The Challenges that CODATA Must Address

These issues naturally pose major questions about the way science is done and also define the major issues to which CODATA should apply itself:

  • How do we understand the deep mathematical basis of “data science” and how can we articulate this with clarity for scientists, technologists, businesses, policymakers and the public? What does it mean to be a scientist and researcher in a digital age?
  • How can we maintain the open data principle in a data-rich world to ensure that the data underlying scientific concepts are open to scrutiny and replication or invalidation?  (The danger is that data manipulation takes place within a black box that is not open to scrutiny, in which case, science ceases to be science).
  • How can we incentivize and enable the data sharing, re-use and cooperation required to efficiently use multiple data sources and to address global challenges effectively?
  • How should we exploit the capacities of machines to use learning-based algorithms to match patterns and to interpret complex information in ways that are accessible to human cognition and thereby aid and not by-pass human creativity?
  • How is cyber-security to be maximized and how is personal privacy to be respected in the use of data for research?
  • How should the interface between publicly-funded science and rapidly advancing commercial data science be stimulated and exploited?
  • How are universities, institutes and other places where science is done best encouraged to be develop proactive and creative management of their data and their support for data-intensive science?
  • How should principles and processes of data science be embedded in scientific education and training?
  • What opportunities does the digital age offer for more inclusive, democratic ways of producing scientific knowledge and in playing a transformative role in society?

A bold vision for CODATA

These major tasks require boldness, vision and organization.
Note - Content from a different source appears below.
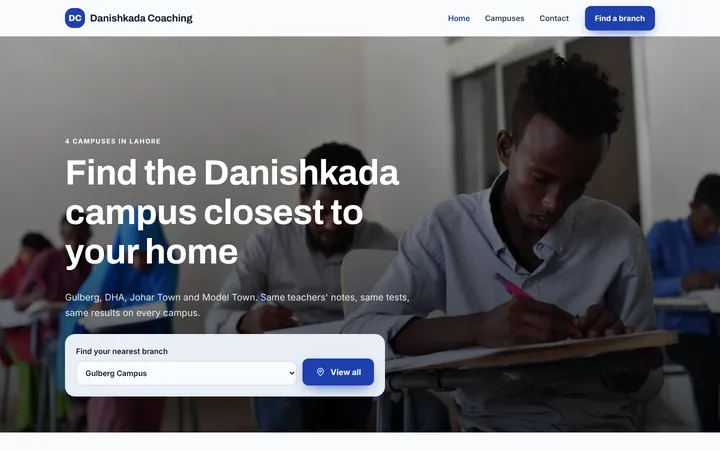 Danishkada Coaching — Multi-branch template for School & Academy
They are so central to the issues of data use and integrity that the credibility and relevance of CODATA would be seriously in question were it not to address them. The priorities for CODATA should be the analysis, articulation and communication of answers to these high-level questions, and engagement with the national and international bodies that have the capacity to implement them. CODATA should continue to collaborate with bodies such as the Research Data Alliance (RDA) – which works to build solutions to promote data interoperability – and with the World Data System (WDS) – which ensures that data are managed and made available for the long term – with the objective of identifying and advocating those international norms and standards for which there is a need.

CODATA should be a forum to advance understanding of data-intensive science and to advocate solutions to questions that this developing science raises. It should be a means of stimulating a response to them within national science systems. It is well placed to do these things through the structures of the International Council for Science (ICSU), to which it reports, with its two orthogonal axes of membership:

  • The scientific unions in ICSU represent international science communities and articulate the principles and priorities of their disciplines. CODATA should work with them to promote understanding and change and to advocate good practice from those that have adapted to the data-intensive challenge.
  • The national representatives in ICSU are well placed to influence national scientific structures, priorities and education in data-intensive science. The work of scientists and their institutions is embedded in national systems of organization and funding to which the development of national data-intensive science needs to adapt. Collaboration with national members of ICSU will be a key in ensuring that national needs are respected whilst meshing with the international nature of science.

It will be the role of the President, working with the Executive Director and key committees to ensure that the above priorities are deeply embedded in the activities of CODATA.